Next Wednesday evening, Phillips will hold its first-ever editions sale in London, offering 92 lots ranging from early 1900s Matisse monotypes to hot-off-the-presses contemporary prints. The inaugural sale in the UK comes after several successful seasons of edition sales in New York. Two very similar lots near the end of the sale by everyone's favorite art star, Damien Hirst, with wildly different price estimates, caught my eye as I was scrolling through the catalogue.
Looking at the online preview of the sale, the works on my screen were ostensibly the same — six dots by eight dots of various different colors — yet the first, lot 87, is estimated to bring £20,000-30,000. The second, lot 91, carries a mere £5,000-7,000 estimate. Just to be sure, I checked to make sure that the works were of similar size (they are), and that they were both signed (they are). Lot 87 was made in 2008 and is one of 100 prints plus 20 artist editions. Lot 91 dates all the way back to 2007 and is numbered 13/45 — meaning it's more than twice as rare as the more expensive of the two. So why is lot 87 worth four times as much as lot 91?
It appears that the answer lays in the process, according to Phillips's print specialist in London, Robert Kennen. In the case of lot 87, each dot was individually inked, while in lot 91 the dots were etched all at once. Lot 87 might be described as "Damien Hirst playing with the notion of what’s unique," said Kennen. The spots in each of the 100 versions of the Lot 87 print are different, whereas the 45 in Lot 91's run are the same. Essentially, there was more care and attention to detail put into the more expensive print, despite the fact there were more of them made, and presumably up close it is easier to tell the differences between the spots.
But still — why does this make a print worth four times as much?
I didn't have to ask the question because Kennen beat me to it. "I wish we had full control of every estimate," he said, adding, "sometimes the consignor demands a particular price." So the real answer to this mystery is that art collectors are fickle, and sellers aren't always willing to accept the quoted market price for a work. Estimates end up being higher than a seller can realistically hope for either because they haven't been paying attention to market fluctuations (for Hirst, this has been especially important in the last few years), or they attach too much emotion to the artwork. At the end of the day, the auction house cannot force a consignor to lower his or her reserve price.
The New York Magazine profile of Larry Gagosian had a great anecdote about this. Collector-dealer Alberto Mugrabi told Sotheby's director Alexander Rotter that the auction house’s estimate was absurd given the current state of the market:
When Mugrabi got off the phone with Gagosian, he immediately phoned Alexander Rotter, a Sotheby’s director. “The Hammer and Sickle will be difficult,” Mugrabi said. “This painting should be much less than that, you know?” He told Rotter that “at the height of the market,” he had sold “a painting like this” for $3 million. “But it’s insane that the market has gone down and I have to pay the same price because there is some stubborn guy?”—meaning [collector Josef] Froehlich—“That’s surrealist. He’s a surrealist.” When Rotter attempted to say his piece about the consignor’s attachment to the painting, Mugrabi got agitated. “Obviously, he’s putting the painting because he wants to fucking sell it, not because he wants to, you know? If he wants to sell the picture, tell him to be realistic … Which is only better for him and better for me.”

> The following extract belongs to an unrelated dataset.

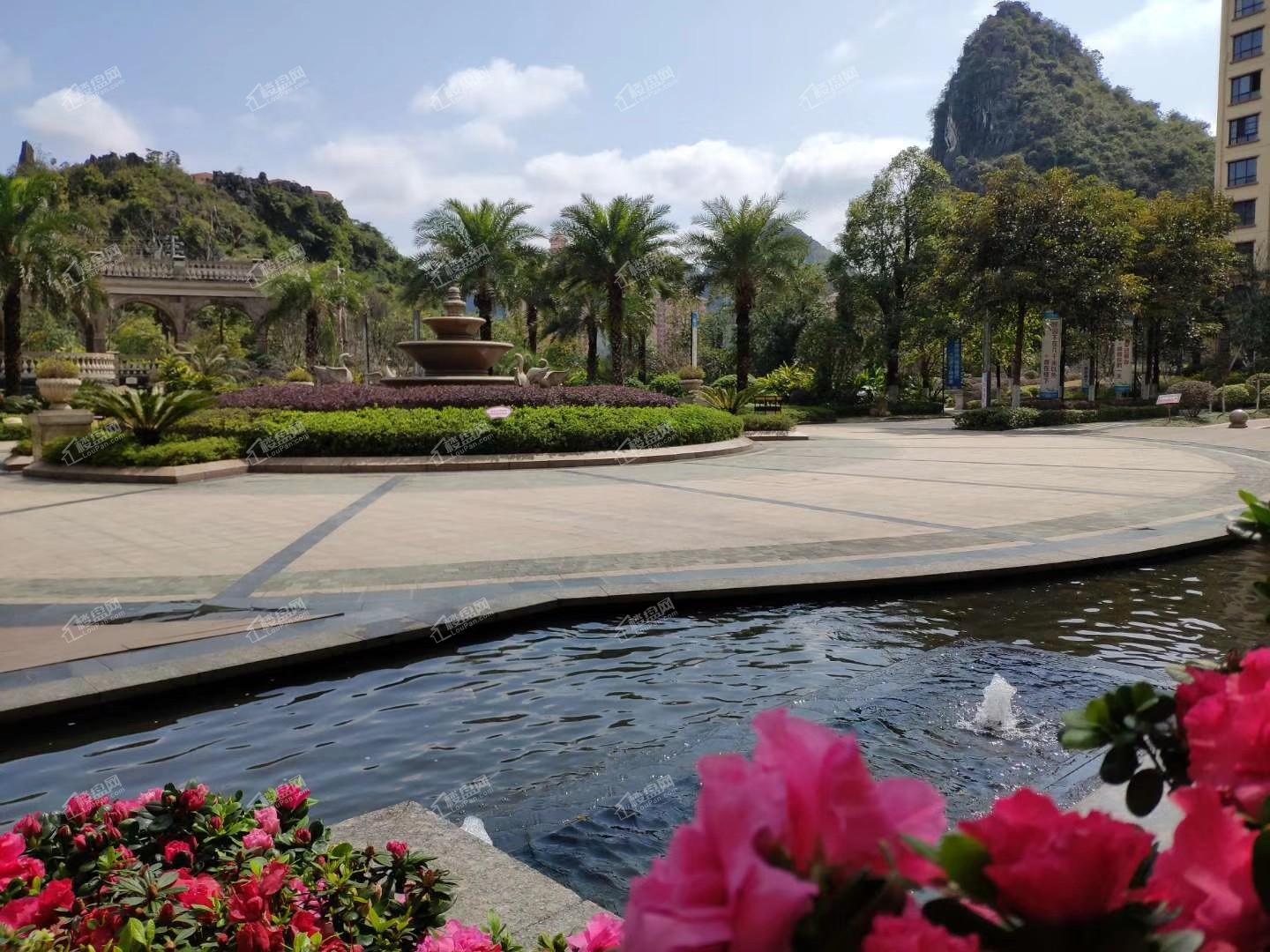 桂林兴盛·天鹅堡效果图_实景图_样板间-桂林楼盘网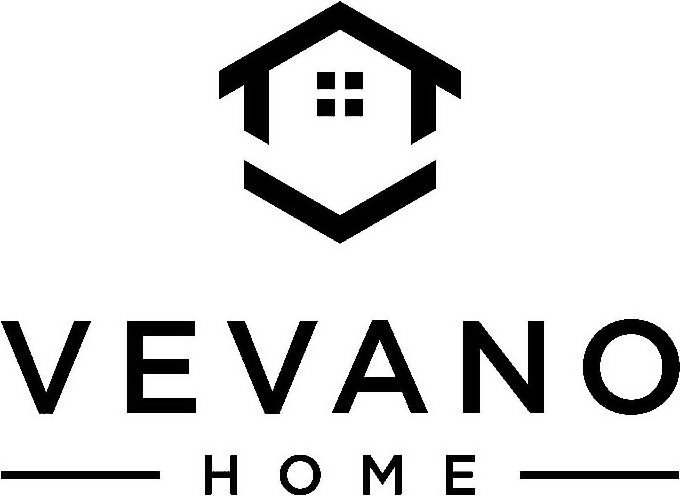Trademark Logo VEVANO HOME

This story doesn't make Mugrabi seem like the nicest guy — but he's right. The lack of standardization in the art market can make works hard to estimate, but adding collectors' emotional attachments to their art can kill a work's chance of actually being sold. Of course, the flip-side of the astronomically high asking price is actually getting someone to bid that much — the risky bet can pay off big time. But with Hirst's market having lost a third to half of its value since 2008, and a very similar work being sold with a much lower estimate just four lots after the first one (not to mention having several other Hirst works in the sale) the likelihood of that is very low. Then again, if you won't part with a £5,000 work for less than £20,000, then perhaps you aren't that sure about selling it, anyway.
Incidentally, this also makes an interesting addition to the discussion of online art sales. From the Phillips website, it's unlikely anyone could tell the difference between these two JPEGs — it would only become apparent that the process was different through carefully inspecting the prints in person. Collectors that are interested in this level of detail are, and should be, wary of buying work online. Texture is almost impossible to convey virtually. But that is really a different discussion for a different day.

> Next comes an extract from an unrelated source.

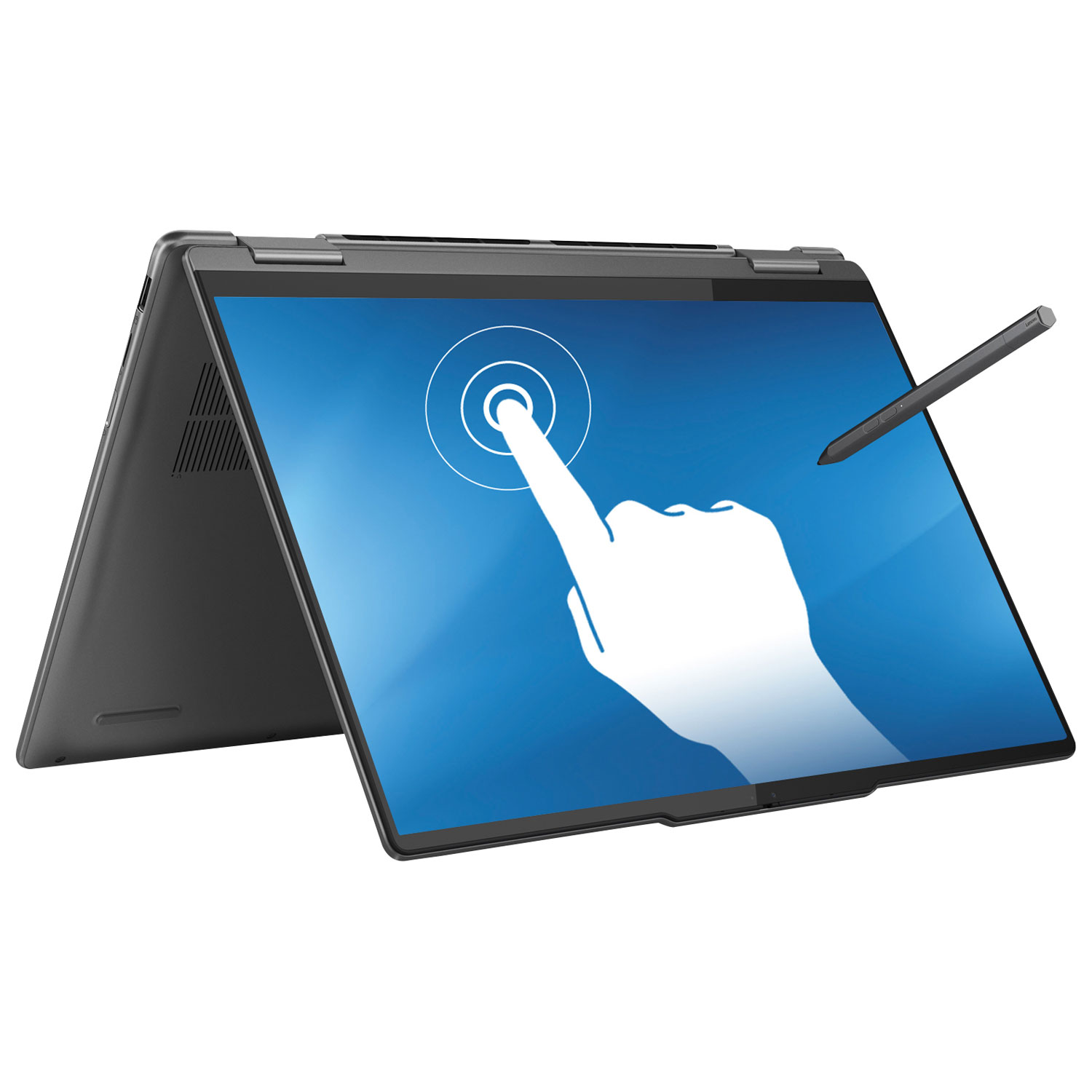 Lenovo Yoga 7 14" Touchscreen 2-in-1 Laptop - Storm Grey (Intel Core i5-1335U/512GB SSD/16GB RAM)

UPDATE from the author: I've gotten a lot of pushback on Twitter for this particular theory about the Hirst print being overvalued. It's been great! I responded, with data to back up my argument, on the Market Watch blog.
This article originally appeared on Market Watch, ARTINFO's art market blog, under the title, “What Two Damien Hirst Prints Can Tell Us About the Fickle Nature of Auction House Estimates.”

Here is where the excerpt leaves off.